How time flies.
Around this time in the morning three years ago Labour were celebrating delivering another Tory led government, again to the right of the previous one. Maybe at the next election, in 2022, they'd actually make a stab at taking power, but it was vital to let the Tories do Brexit first and so avoid having the blame for its inevitable failures.
It was also the moment Nick Clegg left the political stage. I've mixed feelings about the chap, but he does still have the title "most effective politician on the UK left of the last decade."
Theresa May's coalition government duly fulfilled Mystic Clegg's 2015 warning of a "Blukip coalition" between the Tories and the DUP delivering UKIP's agenda - a programme which like Section 28 is quite definitely "for the many not the few".

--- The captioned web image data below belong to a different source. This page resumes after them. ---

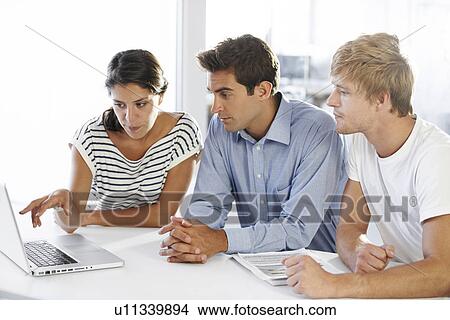 Picture - Coworkers at table looking at laptop. Fotosearch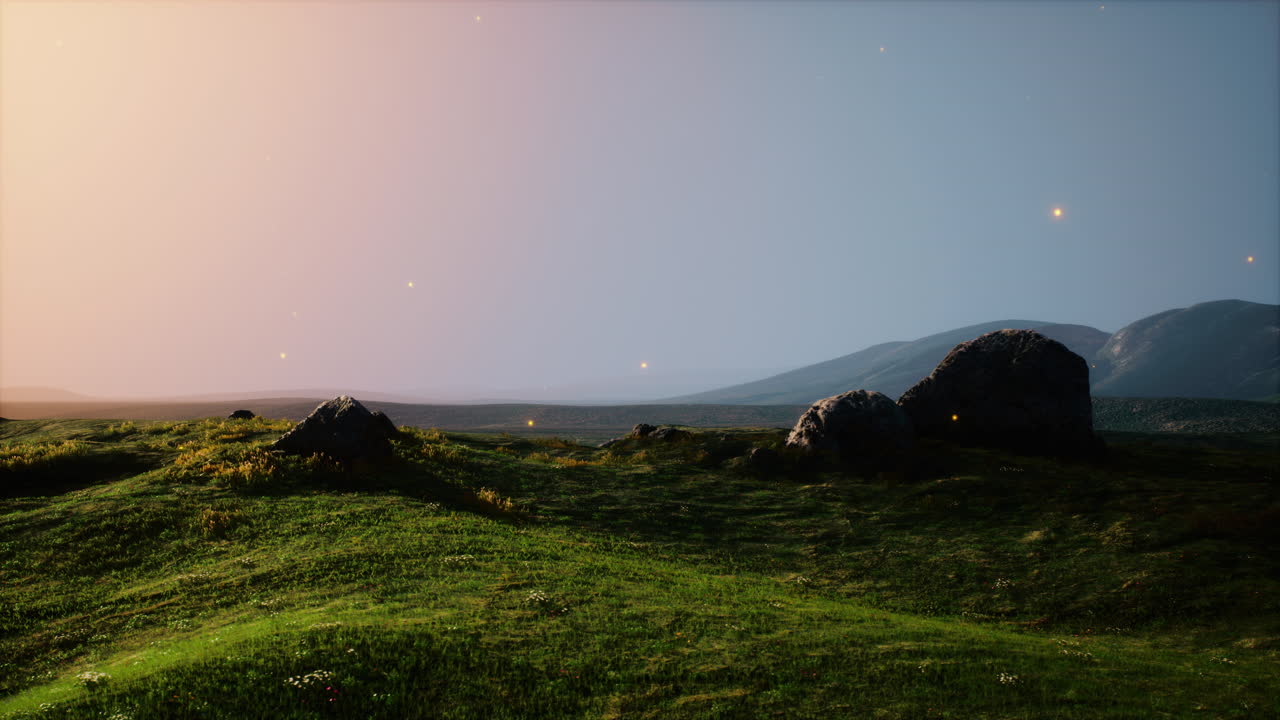 prado verde en el fondo de las montañas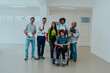 © Minet - A group of students with a professor and a colleague who is in a wheelchair are standing together in the corridor of a modern university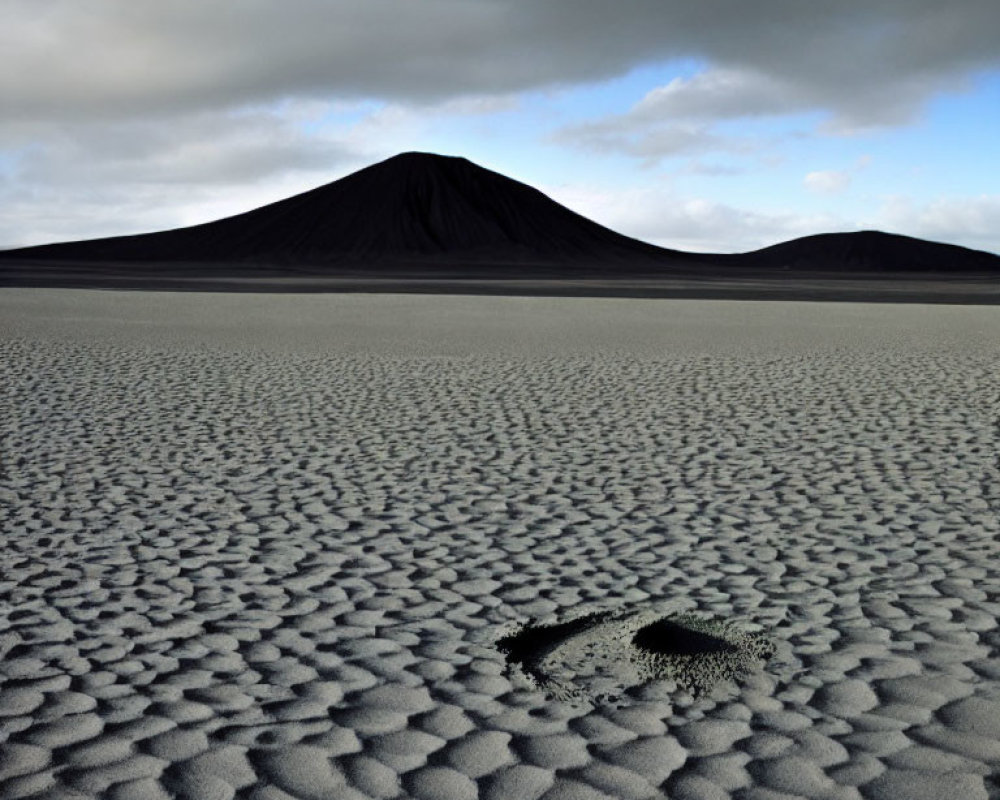 Desolate landscape with rippled sand and volcanic cone under cloudy sky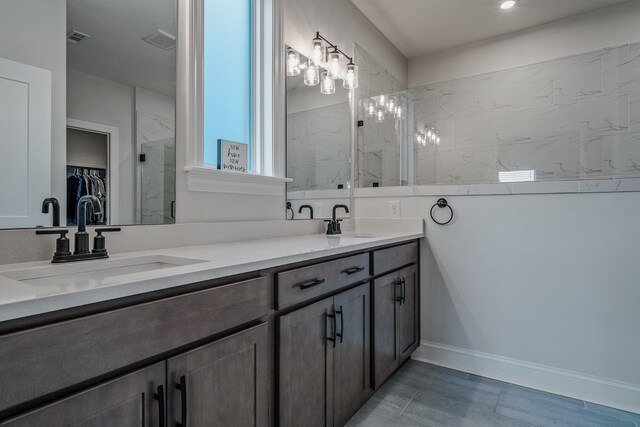 1055 Inez Dr, Smyrna, TN 37167 - full bath with a shower stall, double vanity, a spacious closet, and baseboards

People who never watched The Blame Game and only skim-read BCN suddenly came across the existence of the DUP, and what a rollercoaster ride that was for many of them. And indeed for the DUP - snubbed by Cameron in his search for a majority in 2010, at last having their fifteen minutes of fame.
The concessions won by the smaller parties in coalition type things are fascinating. The Liberals got higher tax for the rich, lower tax for the poor, same-sex marriage, the scrapping of ID cards and the trans tax, etc. The DUP got big fat wads of cash spent in their constituencies in proper "pork barrel" politics. I remain curious about what the Co-operative Party got in exchange for keeping Brown in power. I can't name anything - does anyone have any ideas?
Now Johnson has his 80-seat majority we've all been allowed to forget that Northern Ireland exists, which is a shame as the political system there is quite instructive for people who want to understand mainland UKanian politics better but need a blank slate rather than the world they are used to.